Per sapere come finisce dovrete andare a scoprirlo al cinema, quello che è sicuro è che per John ne vale la pena. La sceneggiatura infatti si premura di chiarire che per il protagonista non è più tanto importante se la moglie è davvero colpevole oppure no; lui decide che non lo è, non lo può essere, e si comporta di conseguenza: di fronte a un sistema giudiziario che fallisce, il tentativo di ristabilimento della giustizia da parte di John passerà per diversi reati, fino a giungere - in modo che abbiamo trovato addirittura ironico - all'omicidio: Lara forse è innocente, John invece colpevole lo è di sicuro, ma allo spettatore ormai non importa più. Lara, fra l'altro, è un personaggio ambiguo, solo nelle ultime sequenze si scoprirà la verità su di lei, ma nel corso del film non ci sono appigli per anticipare la soluzione. Anche lo spettatore, come John, deve decidere in cosa credere.

Il film dopo una partenza fulminante tende a incepparsi nella fase di preparazione della fuga, per poi riprendersi (per fortuna!) nell'azione mozzafiato della fuga e dell'inseguimento.
Probabilmente qualche minuto in meno nella parte centrale della pellicola non avrebbe nuociuto alla scorrevolezza dell'insieme.

Il cast è straordinario e racchiude star del cinema e della TV.  Olivia Wilde (una bellezza moderna vista in The O.C. e Dr. House in TV), Liam Neeson, appena un cameo, come anche RZA (celebre rapper che ricordiamo per un cameo e la bella colonna sonora in Ghost Dog di Jarmusch), infine un commovente Brian Dennehy padre di John che intuisce le intenzioni del figlio ma non tenta di fermarlo, condividendone le motivazioni. Con questi attori ci sarebbe piaciuto vedere sviluppati meglio i personaggi di contorno.
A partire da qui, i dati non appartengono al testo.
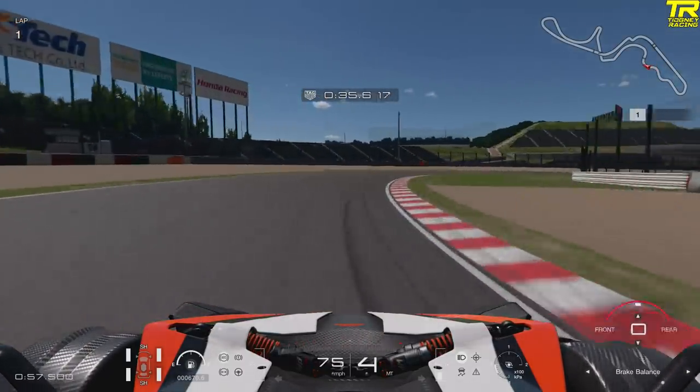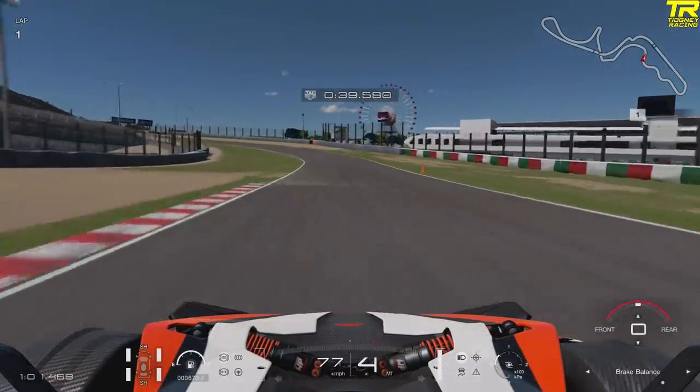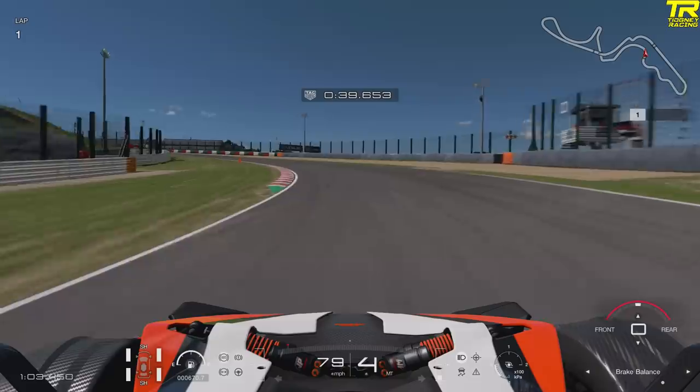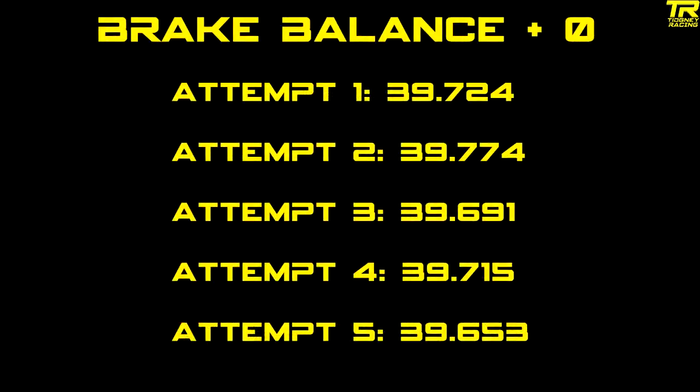I'm not sure exactly why brake balance affects turning — it could be a setting in Gran Turismo, or it could be to do with tyre heat. If you put the brakes more towards the rear, tyres get hotter and the car gets more slippy; towards the front, tyres get too hot, not enough grip, just understeer. There are the results — I did five attempts. The fastest was 39.653. We're going to do the same for plus five and minus five.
Un dettaglio un po' inquitante sui tempi che viviamo: John impara molte cose, ad esempio fabbricare passepartout universali e scassinare le serrature delle automobili attraverso accurati tutorials su youtbe. Dopo "Clio Makeup" arriveremo a "Jake Breakup"?

Personalmente abbiamo già avuto modo (qui) di dichiarare la nostra ammirazione per Crowe, che sa con la forza delle emozioni rendere credibile l'inverosimile. Questa pellicola non resterà fra le sue più memorabili, ma noi lo seguiremo sempre con partecipazione nei bassifondi di Pittsburgh (brutta città, a giudicare da come è ripresa) per coprirgli le spalle da falsari infidi e spacciatori violenti. A quanto sembra, però, sa cavarsela alla grande anche da solo!